Hic et Nunc, in particular, has seen a powerful wave of crypto artist involvement. Claire L. Evans, writing for Rest of World, describes it as “Brazil’s DIY, eco-friendly NFT art marketplace.” She also characterizes it as a “scrappy, community-driven marketplace peopled with misfits, experimental creators, and established artists seeking a break from the big leagues.”
Judging by a variety of glowing recommendations on Twitter by such crypto artists as Tim Riopelle, Hic et Nunc has become a crowd favorite for its combination of an environmentally sustainable POS blockchain, low transaction fees and a strong community vibe. Jason Bailey, writing on his Artnome site, says he sees a “lot of the unbridled experimentation that was present in the early Rare Pepe Wallet days re-emerging in Hic et Nunc.”
These highlights from the responses of crypto artists to environmental concerns about NFT energy use reveal that artists continue to be actively involved in seeking solutions.
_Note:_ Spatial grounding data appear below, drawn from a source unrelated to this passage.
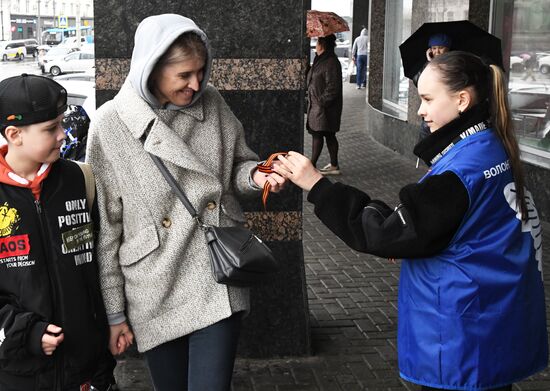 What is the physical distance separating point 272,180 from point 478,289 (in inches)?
32.2

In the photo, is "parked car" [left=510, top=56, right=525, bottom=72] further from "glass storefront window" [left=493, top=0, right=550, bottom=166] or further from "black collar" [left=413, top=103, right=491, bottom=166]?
"black collar" [left=413, top=103, right=491, bottom=166]

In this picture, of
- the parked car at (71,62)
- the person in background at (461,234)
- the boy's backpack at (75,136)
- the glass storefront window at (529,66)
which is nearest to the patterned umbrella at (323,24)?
the glass storefront window at (529,66)

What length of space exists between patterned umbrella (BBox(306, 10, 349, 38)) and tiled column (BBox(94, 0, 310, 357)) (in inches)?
257

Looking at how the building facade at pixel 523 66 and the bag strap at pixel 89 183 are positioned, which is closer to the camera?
the bag strap at pixel 89 183

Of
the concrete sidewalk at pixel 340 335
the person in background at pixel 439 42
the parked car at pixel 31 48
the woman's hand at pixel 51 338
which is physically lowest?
the parked car at pixel 31 48

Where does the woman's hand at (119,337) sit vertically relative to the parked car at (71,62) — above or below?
above

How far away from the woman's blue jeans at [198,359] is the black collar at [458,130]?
932 millimetres

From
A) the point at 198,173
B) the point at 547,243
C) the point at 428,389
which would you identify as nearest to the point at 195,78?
the point at 198,173

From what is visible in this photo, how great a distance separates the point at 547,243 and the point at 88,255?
6.19 meters

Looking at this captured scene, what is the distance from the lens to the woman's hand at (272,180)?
3.07 metres

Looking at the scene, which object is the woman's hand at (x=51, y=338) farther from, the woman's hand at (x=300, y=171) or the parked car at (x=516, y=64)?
the parked car at (x=516, y=64)

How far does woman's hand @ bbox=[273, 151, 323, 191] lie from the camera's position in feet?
9.70

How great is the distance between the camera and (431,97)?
9.43 ft

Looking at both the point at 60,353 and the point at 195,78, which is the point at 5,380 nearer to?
the point at 60,353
From funding carbon offsets and technical solutions, to exploring currently available eco-friendly options, crypto artists are taking a creative array of paths forward.
Despite the often inaccurate attacks on crypto artists and the continuing misrepresentation of NFT energy use by both mainstream and crypto media, many artists have chosen to address the actual issues in a positive manner. Though these actions are unlikely to satisfy all opponents of the existence of NFTs, they should certainly go a long way in establishing the legitimacy of NFTs and crypto art to thoughtful critics.